=== Begin Enclosure ===

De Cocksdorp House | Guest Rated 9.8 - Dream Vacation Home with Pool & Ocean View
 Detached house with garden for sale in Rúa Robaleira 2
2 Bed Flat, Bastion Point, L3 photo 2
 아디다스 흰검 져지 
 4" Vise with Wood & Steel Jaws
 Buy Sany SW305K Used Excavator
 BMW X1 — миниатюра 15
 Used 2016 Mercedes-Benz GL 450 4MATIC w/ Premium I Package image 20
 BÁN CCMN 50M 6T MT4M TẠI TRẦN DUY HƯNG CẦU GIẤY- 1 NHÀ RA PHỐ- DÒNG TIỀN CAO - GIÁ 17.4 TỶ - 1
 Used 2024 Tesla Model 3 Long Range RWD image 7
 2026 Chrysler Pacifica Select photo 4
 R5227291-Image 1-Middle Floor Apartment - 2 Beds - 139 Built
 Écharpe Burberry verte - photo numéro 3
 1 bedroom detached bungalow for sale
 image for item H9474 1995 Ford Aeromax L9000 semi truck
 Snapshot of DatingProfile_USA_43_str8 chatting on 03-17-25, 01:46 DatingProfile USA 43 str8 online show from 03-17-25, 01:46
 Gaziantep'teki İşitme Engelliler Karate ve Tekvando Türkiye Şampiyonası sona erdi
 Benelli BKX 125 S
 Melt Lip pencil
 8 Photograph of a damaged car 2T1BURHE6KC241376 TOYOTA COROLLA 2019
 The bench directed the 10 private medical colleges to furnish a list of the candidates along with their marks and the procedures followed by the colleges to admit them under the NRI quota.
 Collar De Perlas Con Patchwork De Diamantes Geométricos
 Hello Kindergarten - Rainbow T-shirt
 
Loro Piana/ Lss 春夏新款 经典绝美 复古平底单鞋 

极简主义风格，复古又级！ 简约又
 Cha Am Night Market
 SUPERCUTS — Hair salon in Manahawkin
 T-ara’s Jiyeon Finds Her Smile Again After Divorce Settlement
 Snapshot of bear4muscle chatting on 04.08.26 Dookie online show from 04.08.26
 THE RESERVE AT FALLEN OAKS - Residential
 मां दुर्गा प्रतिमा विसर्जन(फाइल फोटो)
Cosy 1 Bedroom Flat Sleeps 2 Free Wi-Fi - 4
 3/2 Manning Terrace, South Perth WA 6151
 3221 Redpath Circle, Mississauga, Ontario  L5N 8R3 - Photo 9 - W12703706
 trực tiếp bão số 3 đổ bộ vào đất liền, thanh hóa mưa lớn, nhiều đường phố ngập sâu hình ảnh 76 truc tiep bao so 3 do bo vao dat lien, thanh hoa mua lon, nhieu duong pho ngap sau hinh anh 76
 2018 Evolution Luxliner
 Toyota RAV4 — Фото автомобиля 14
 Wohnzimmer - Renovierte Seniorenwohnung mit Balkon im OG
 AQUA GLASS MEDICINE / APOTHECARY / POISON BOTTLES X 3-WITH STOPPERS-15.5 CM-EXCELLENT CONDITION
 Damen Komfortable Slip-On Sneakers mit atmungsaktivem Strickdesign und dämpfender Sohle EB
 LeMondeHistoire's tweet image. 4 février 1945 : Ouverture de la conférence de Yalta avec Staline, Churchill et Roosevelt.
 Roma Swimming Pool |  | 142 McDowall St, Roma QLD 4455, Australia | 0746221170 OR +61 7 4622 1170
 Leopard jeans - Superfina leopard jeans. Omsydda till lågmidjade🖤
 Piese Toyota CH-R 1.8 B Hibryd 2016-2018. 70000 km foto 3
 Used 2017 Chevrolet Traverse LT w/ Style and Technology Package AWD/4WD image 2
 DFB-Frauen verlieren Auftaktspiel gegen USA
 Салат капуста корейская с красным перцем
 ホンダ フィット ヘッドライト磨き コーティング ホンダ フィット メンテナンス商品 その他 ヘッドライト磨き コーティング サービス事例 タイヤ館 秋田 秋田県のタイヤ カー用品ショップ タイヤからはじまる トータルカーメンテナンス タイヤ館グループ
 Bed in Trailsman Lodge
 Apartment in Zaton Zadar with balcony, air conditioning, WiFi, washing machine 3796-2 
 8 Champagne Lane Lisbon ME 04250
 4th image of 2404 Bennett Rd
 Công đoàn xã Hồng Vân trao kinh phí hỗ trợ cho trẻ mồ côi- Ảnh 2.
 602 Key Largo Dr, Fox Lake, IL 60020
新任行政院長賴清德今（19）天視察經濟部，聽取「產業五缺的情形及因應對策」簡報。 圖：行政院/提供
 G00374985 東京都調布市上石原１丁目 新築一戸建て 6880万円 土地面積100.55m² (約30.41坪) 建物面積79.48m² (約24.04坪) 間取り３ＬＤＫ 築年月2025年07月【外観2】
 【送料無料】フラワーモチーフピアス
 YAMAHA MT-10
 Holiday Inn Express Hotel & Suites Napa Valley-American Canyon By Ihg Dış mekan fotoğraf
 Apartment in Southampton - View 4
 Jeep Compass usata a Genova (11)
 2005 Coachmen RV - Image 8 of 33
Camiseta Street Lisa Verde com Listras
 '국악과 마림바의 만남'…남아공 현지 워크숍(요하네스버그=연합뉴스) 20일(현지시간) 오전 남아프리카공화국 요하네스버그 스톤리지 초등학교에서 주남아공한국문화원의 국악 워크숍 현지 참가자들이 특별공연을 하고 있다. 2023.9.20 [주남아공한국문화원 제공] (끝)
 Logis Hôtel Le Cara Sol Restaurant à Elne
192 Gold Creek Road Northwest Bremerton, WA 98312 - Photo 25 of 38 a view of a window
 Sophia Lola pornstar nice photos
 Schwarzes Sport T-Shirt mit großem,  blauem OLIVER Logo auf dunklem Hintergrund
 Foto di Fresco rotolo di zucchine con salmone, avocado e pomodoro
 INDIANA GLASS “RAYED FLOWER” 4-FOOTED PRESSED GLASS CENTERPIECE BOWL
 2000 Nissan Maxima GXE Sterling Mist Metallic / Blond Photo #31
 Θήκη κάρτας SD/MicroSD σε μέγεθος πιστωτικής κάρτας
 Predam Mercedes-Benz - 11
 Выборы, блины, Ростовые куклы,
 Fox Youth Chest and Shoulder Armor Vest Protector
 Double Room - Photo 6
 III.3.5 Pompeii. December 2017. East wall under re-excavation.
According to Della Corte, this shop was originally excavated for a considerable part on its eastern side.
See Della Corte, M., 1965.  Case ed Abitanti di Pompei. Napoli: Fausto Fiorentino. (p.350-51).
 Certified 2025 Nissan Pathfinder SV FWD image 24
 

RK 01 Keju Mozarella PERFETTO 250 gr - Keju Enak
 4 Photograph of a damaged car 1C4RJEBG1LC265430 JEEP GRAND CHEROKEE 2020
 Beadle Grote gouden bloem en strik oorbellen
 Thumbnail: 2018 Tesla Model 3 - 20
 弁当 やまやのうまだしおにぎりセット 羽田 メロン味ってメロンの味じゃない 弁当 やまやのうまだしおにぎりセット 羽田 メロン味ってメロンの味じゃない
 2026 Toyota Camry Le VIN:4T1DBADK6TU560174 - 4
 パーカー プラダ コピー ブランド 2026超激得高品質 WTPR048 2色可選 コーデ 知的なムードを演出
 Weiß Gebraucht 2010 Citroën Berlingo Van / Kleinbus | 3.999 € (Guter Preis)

=== End Enclosure ===

*ACTIVITY:* Look through the entries, and return every line that the word "under" appears in.

*RESPONSE BOX:*
 The bench directed the 10 private medical colleges to furnish a list of the candidates along with their marks and the procedures followed by the colleges to admit them under the NRI quota.
 III.3.5 Pompeii. December 2017. East wall under re-excavation.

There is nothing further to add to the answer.